Acontece que, Naveen, muito desassossegado, esbarra pelas ruas com Mr. Facilier, um charlatão que faz feitiços pros seus “amigos do outro lado”. Conhecido também como o homem da sombra, por um motivo bacana e assustador, transforma Lawrence, empregado de Naveen, no patrão, de quem tem inveja. E o príncipe é transformado, adivinha!, em sapo. Lawrence chega na festa pagando de príncipe e já trata de correr atrás de Charlotte, de olho no dinheiro da filhinha de papai. E o príncipe, agora sapo, sai atrás de uma princesa pra beijá-lo e desfazer o feitiço. Aí, ele encontra Tiana, linda e fantasiada de princesa, e a convence, com muito esforço e por meio de chantagem (por que homens adoram isso?) a “destransformá-lo”. Só que Tiana não é princesa de verdade, né? E aí, os dois pequenos répteis acabam se aventurando por uma floresta escura atrás de ajuda pra voltarem à forma humana. E aqui tem o mais legal: os personagens que aparecem pelo caminho são os mais divertidos de todos.

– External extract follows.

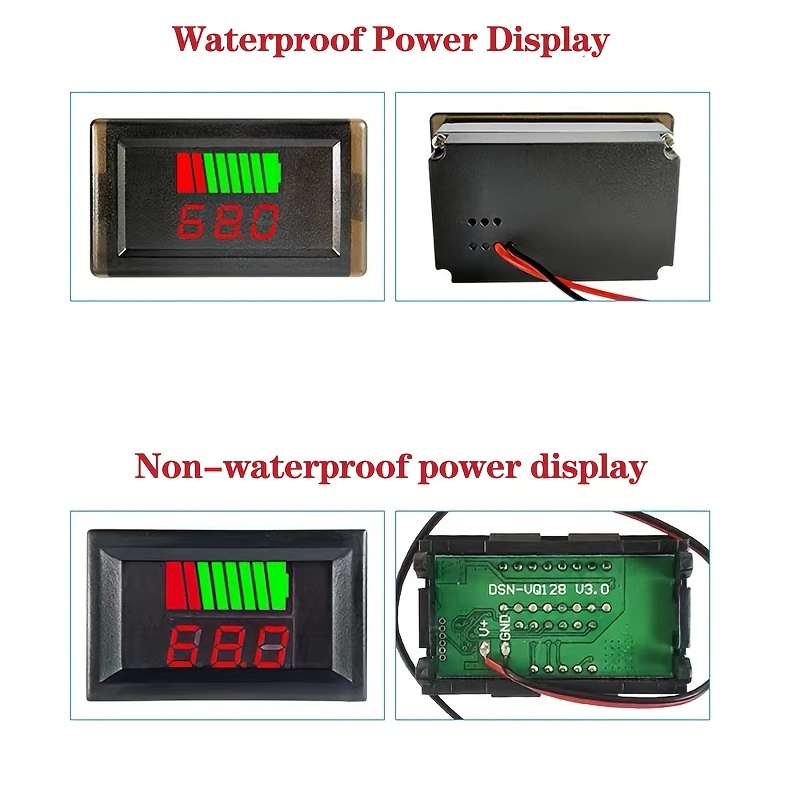 Indicateur de niveau de charge de batterie de voiture au lithium, testeur  de capacité, affichage LED, voltmètre, 12V, 24V, 36V, 48V, 60V, 72V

Não vou contar o que acontece pelo caminho (sim, vou deixar todo mundo curioso e obrigá-los a assistirem desenho!), mas a parte que me deixou surpresa foi a atitude de Charlotte quando ela finalmente precisou agir. Não esperava que ela fosse ter o tal comportamento. No final das contas, depois de muita estripulia do povo doido da floresta, musiquinhas que embalam os momentos e todas as coisas dos filmes da Disney, a moral da história é: seja perseverante, mas não fique obcecado pelo seu objetivo, divirta-se também (nossa, olha quem é que foi ver o filme!) e, quando aparecer um problema, tome tempo pra se conhecer melhor e ver o que há de errado pra, então, buscar uma solução.
É um conto de fadas com uma curandeira de vudu no lugar da fada, muito engraçada. Não ganha da Branca de Neve, mas os personagens da floresta me conquistaram. Vai um chopp pra Tiana e dois pra galera da floresta.